:: Materials provided ::
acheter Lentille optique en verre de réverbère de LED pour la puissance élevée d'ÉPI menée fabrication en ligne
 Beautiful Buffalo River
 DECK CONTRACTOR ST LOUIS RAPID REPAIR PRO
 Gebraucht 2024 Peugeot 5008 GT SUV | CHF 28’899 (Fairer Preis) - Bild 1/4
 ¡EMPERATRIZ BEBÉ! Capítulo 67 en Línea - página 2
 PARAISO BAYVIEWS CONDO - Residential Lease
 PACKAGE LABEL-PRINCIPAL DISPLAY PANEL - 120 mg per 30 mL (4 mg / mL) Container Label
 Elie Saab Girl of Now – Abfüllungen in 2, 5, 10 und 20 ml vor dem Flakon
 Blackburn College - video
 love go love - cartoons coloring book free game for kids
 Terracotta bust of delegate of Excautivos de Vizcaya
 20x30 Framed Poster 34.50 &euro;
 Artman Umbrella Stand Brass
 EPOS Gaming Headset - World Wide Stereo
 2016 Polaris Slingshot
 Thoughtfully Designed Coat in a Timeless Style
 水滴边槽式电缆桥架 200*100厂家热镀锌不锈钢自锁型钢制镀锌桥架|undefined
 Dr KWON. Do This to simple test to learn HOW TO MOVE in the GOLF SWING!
:::
Work required:
A word-for-word restatement of the records above from the line containing "Terracotta bust of" to their final line is all the answer should hold.

Output for this exercise:
 Terracotta bust of delegate of Excautivos de Vizcaya
 20x30 Framed Poster 34.50 &euro;
 Artman Umbrella Stand Brass
 EPOS Gaming Headset - World Wide Stereo
 2016 Polaris Slingshot
 Thoughtfully Designed Coat in a Timeless Style
 水滴边槽式电缆桥架 200*100厂家热镀锌不锈钢自锁型钢制镀锌桥架|undefined
 Dr KWON. Do This to simple test to learn HOW TO MOVE in the GOLF SWING!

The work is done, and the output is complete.